INSTRUCTIONS FOR THE TASK: Give only the number of lines in the records that include "Road".

Excerpts from a dataset
###

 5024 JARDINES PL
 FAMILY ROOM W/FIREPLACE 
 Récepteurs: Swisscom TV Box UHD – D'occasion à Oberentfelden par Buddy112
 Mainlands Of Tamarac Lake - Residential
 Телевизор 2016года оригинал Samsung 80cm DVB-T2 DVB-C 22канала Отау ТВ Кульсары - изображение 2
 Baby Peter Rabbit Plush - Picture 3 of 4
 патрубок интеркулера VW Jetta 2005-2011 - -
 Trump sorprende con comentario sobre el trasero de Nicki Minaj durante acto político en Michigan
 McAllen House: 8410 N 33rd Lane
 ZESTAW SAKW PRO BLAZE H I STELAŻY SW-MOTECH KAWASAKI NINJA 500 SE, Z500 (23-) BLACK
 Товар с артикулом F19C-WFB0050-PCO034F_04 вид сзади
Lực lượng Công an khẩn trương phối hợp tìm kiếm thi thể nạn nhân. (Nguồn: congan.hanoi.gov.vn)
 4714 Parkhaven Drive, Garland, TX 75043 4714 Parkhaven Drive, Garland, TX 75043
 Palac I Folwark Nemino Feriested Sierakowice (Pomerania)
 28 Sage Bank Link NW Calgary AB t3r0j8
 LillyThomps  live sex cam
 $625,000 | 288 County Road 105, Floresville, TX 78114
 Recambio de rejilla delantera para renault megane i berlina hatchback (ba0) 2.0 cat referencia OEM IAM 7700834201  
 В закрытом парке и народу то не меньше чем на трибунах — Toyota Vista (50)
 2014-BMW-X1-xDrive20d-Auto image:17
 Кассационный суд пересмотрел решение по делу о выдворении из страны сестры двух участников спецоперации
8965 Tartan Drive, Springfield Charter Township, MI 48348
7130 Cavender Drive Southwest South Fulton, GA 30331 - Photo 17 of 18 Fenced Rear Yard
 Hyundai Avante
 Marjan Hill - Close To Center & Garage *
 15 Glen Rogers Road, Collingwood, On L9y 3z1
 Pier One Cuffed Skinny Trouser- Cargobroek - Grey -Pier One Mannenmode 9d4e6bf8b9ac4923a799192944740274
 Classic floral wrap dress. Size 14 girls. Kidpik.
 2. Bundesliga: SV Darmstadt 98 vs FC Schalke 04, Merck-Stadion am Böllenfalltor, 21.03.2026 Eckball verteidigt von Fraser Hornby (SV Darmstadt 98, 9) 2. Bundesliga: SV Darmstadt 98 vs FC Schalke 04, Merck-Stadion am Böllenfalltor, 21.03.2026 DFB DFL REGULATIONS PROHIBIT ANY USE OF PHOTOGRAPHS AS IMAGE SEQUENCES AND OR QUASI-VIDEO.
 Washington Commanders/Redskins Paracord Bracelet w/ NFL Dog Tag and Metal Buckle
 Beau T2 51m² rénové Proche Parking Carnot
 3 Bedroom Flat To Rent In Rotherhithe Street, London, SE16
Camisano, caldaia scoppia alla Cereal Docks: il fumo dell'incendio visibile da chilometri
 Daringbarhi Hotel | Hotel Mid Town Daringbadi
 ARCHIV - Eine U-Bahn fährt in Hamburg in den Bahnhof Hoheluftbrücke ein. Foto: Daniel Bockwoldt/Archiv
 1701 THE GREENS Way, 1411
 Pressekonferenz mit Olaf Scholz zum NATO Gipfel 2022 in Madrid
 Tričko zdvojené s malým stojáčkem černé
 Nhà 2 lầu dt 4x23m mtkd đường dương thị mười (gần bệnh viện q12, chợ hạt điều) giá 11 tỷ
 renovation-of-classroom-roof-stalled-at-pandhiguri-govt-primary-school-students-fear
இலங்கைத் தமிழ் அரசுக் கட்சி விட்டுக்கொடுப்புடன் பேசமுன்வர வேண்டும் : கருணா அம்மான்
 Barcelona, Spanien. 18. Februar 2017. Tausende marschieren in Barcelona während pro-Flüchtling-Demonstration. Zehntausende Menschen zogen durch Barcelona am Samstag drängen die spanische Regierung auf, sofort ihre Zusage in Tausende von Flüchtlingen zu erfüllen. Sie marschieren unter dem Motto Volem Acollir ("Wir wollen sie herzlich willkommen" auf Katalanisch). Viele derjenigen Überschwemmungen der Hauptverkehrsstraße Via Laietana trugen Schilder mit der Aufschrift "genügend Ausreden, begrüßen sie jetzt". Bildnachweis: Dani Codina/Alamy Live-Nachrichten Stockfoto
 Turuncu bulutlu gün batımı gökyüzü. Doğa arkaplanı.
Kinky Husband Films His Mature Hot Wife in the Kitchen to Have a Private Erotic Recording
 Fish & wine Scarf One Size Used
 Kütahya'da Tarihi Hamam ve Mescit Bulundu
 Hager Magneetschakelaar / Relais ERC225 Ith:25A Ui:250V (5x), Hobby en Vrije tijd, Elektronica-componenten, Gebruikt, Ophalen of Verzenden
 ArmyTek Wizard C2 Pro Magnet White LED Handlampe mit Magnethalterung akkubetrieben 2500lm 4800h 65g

###

REPLY: 2